過去には私とCTOとの間でManagement3.0のプラクティスの一つであるDelegation Boardを作りました。*2

hackerslab.aktsk.jp

今回も同じ方法で私と全EMが集まり、Delegation Boardを1日がかりで作成しました。 私はDelegation Boardの結果も大事だと感じてますが、それ以上にそれを決めていく過程こそ意味があると思っています。 実際にこれを作っていく過程でDelegation Levelが一致せず、お互いの想定している権限やそれに伴う責任を丁寧に言語化していきながら、時間をかけて一つ一つ対話していきました。 最終的に出来たDelegation Boardは全員が満足いく結果になりました。
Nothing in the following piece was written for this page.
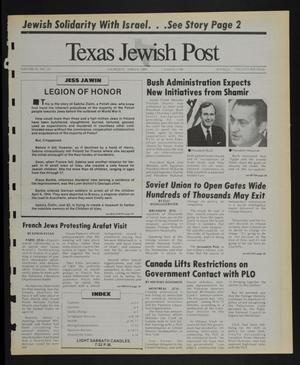 Texas Jewish Post (Fort Worth, Tex.), Vol. 43, No. 14, Ed. 1 Thursday, April 6, 1989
Delegation Boardを作ってから、明らかにEMの動きが変わりました。 何を自分たちがやるべきなのか、どんな責任を持っているかが明確になることが、ここまで強力なのかと改めて理解できました。

EMのサポートを手厚くする

ここまででは、私の負担が下がり、EMへの負担が上がる一方です。 ある意味望んだ結果ではあるのですが、それはあまりに不公平な感じがします。 もし私が逆にEMの立場だったら、今までやったことの無い仕事が増えてしまうので、戸惑ってしまうだろうなと思いました。

そこで、EMの業務をよりサポート出来るように、 @noto さんに各EMの1on1を依頼しました。 @noto さんは私とは違う観点で人と向き合ってくださる方で、とても信頼のおいている方です。 EMの悩みに適切な距離感でアドバイスしたり、聞き役に徹してくださっているようで、早い段階でEMの悩みに解決に向けて動けていってると感じてます。
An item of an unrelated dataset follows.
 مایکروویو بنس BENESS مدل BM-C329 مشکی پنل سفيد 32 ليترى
@noto さんのように第三者的なEMのサポートは、僕のように全てをケアしきれないときに、とても心強い存在です。

何が変わったか

これらの活動により変わったことは、主には以下の通りです。

  • 全エンジニアの状況の見える化シートが自発的に作られ、EM全員でメンテするようになった
  • エンジニアの異動・配置をほぼ私なしで進められるようになった
  • ダイレクト・リクルーティングを私なしで進められるようになった

これまで、自分が記録ではなく記憶にいかに頼りすぎていたのだろう、と感じさせられてしまいました。

これらの業務が自分の手元から離れていくことで、より事業の戦略・戦術の策定に落とし込む時間が増えてきました。 まだまだ自分がボトルネックになっていることはたくさんあるとは思いますが、少しずつでも解消していけるよう工夫していきます。

*1:兼任は続いているので、ボトルネックになっている事実は払拭できていない

*2:Delegation Boardは強力で、これを作る過程とそれによる情報の透明さからすっかり虜になってしまいました。それ以来、社内で何かと権限委譲について語る場面が増えて、Delegation Board作成のファシリテーションを何度もしたことがあります。